Just trying To get an idea Of Any Soliders On the Site Heading To Arcon this Year


----------



## koalorka (29 Jan 2004)

What is Arcon?


----------



## Slumsofsackville (29 Jan 2004)

Not me, ARCON, is a giant Excerise that all forces participate. LAND/AIR/SEA, A giant war game. Real fun, usually like 5 days,


----------



## winchable (29 Jan 2004)

I may be.


----------



## Cpl. Williamson (29 Jan 2004)

Thanks For The Above Replies ..

It Should be a "Blast" This Year


----------



## brin11 (29 Jan 2004)

I‘ll be there.  Does anyone have hard and fast dates??


----------



## Cpl. Williamson (29 Jan 2004)

August 21 - 28 or 29 I believe 
Ill Confirm after Tonight


----------



## The_Falcon (29 Jan 2004)

www.exstalwartguardian.forces.gc.ca


----------



## koalorka (29 Jan 2004)

Do Reserve and foreign (NATO) units take part in the exercise?


----------



## The_Falcon (29 Jan 2004)

ARCON 04, or Area Reserve Consentration, were all three reserve CBG‘s (31,32,33)in LFCA all get together in Pet for training.  Last year the Queen‘s Own Rifles hosted a Platoon of German Paratroopers. However it is mainly a reserve ex.


----------



## koalorka (29 Jan 2004)

Wow, sounds fun. How were the Germans?


----------



## The_Falcon (29 Jan 2004)

Don‘t really know I am not in the Queens Own. But they really know how to drink!


----------



## pegged (29 Jan 2004)

Is this held in a different land force area every year? Like maybe LFWA one year, and LFCA this year,.


----------



## Slumsofsackville (30 Jan 2004)

I Allways heard of it in Gagetown


----------



## Cpl. Williamson (30 Jan 2004)

To My Knowledge its Always Been In Gagetown


----------



## mattoigta (30 Jan 2004)

I‘m assuming every area does its own


----------



## Korus (30 Jan 2004)

LFWA was supposed to have a large week long concentration this past summer in Wainwright, ex Active Edge.

 http://www.army.forces.gc.ca/lfwa_hq/Active_Edge/default.htm 

I was on course at the time, but AFAIK it was cancelled due to pers needed to fight the fires.

I‘ve been hearing things about "Active Egde 04", but I can‘t confirm anything, and the website only seems to have details on lat year‘s active egde.


----------



## D-n-A (30 Jan 2004)

yea, Active Edge was cancelled, due to the forest fires in BC, and Reserves and Reg Force were sent to fight the fires.

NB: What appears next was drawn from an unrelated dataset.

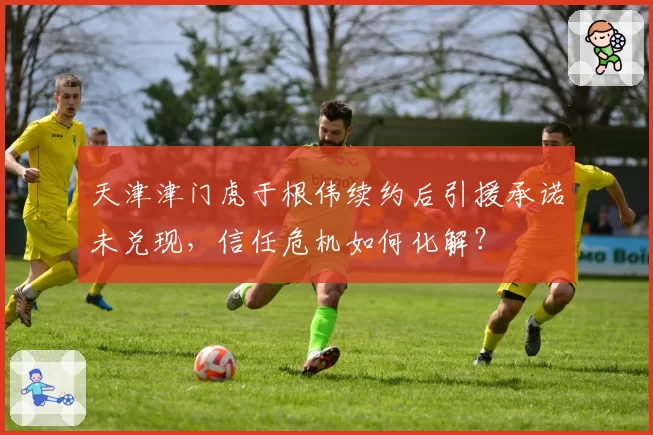 天津津门虎于根伟续约后引援承诺未兑现,信任危机如何化解?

From what I‘ve heard, Active Edge should be happening again this year, so is Cougar Salvo.


----------



## Eowyn (30 Jan 2004)

There will be an Active Edge 04 in Wainwright this year.  I just don‘t have the dates yet.


----------



## brin11 (31 Jan 2004)

Spr. Williamson,

Wondered if you had confirmed those dates for Arcon04?  We‘re not hearing any dates from our unit yet.


----------



## Cpl. Williamson (31 Jan 2004)

Apparently The Standing Dates Are August 21 - 28 
Probably Be there On the 20th And Return On The 29th Pre Ex and Post Ex But There The Dates That Stand Sorry For The Delay


----------



## brin11 (31 Jan 2004)

Spr. Williamson,

Thanks.


----------



## portcullisguy (1 Feb 2004)

Looks like the smoker is on the 27th, so plan to be packed up and out of there on the morning of the 28th.

If I can, I intend to take my PMV again.


----------



## Danny (1 Feb 2004)

I‘ll be there.


----------